In business for 13 years, he says the idea came after his company did some work for a construction/real estate attorney. “We were nervous about working with him,” says Knorr, who set up the risk management tool via an escrow account system that releases payments to his company as project phases are satisfactorily completed. “Fear of litigation combined with our goal of providing top-notch service prompted us to do this.”

The system is used for all out-of-town clients and for in-town customers who are using cash instead of a home improvement loan.
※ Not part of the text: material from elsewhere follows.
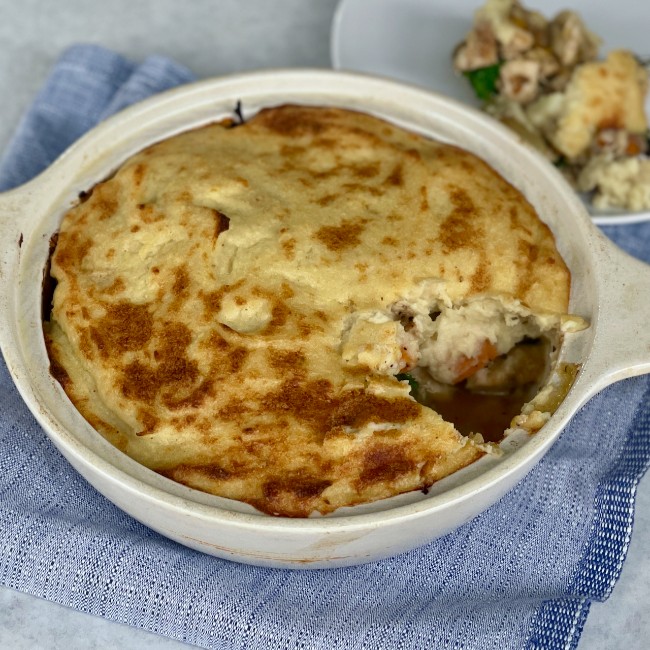 Image of Turkey Parmentier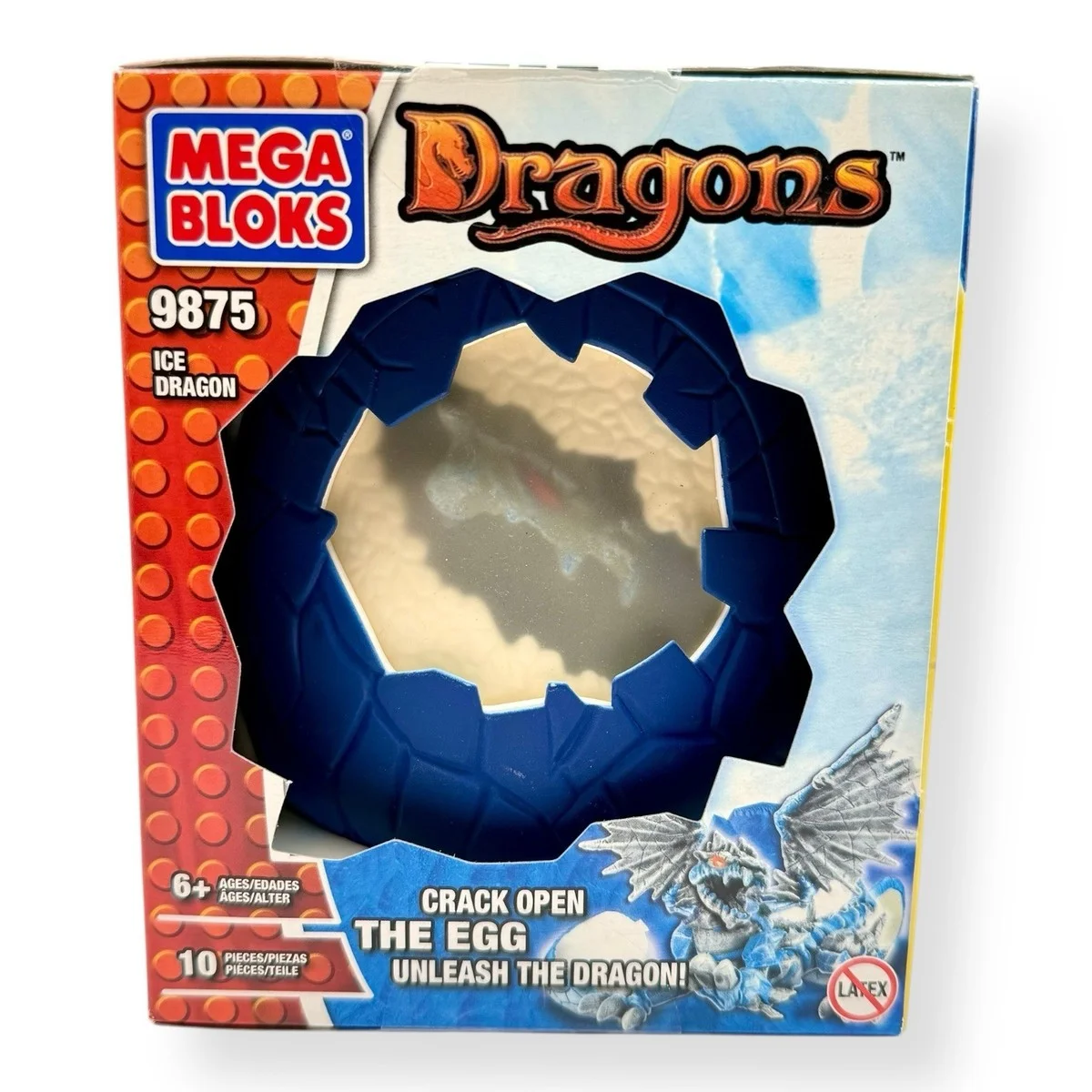 Ice Dragon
Once the remodel details are nailed down, the project commences and a JKC project manager checks in with the client once a week with an oral update and photos via e-mail (typically of the demolition and rough framing, which Knorr calls “the most visually impressive” stages).

The company hires a home inspector, appraiser, or other qualified third party, and sets up an interest-bearing escrow account from which “draws” are allocated as the project progresses. “When we pull the permit, we ask for the first draw,” Knorr says. Then, upon completion of the masonry and flatwork, for example, a second draw would be requested and released upon approval by the third party.

“The inspector does a visual inspection and turns in his report to the escrow company,” says Knorr, who pays an average of $500 per project for the service, including the escrow work and about five inspections. The escrow company then sends a copy of that report to the homeowner.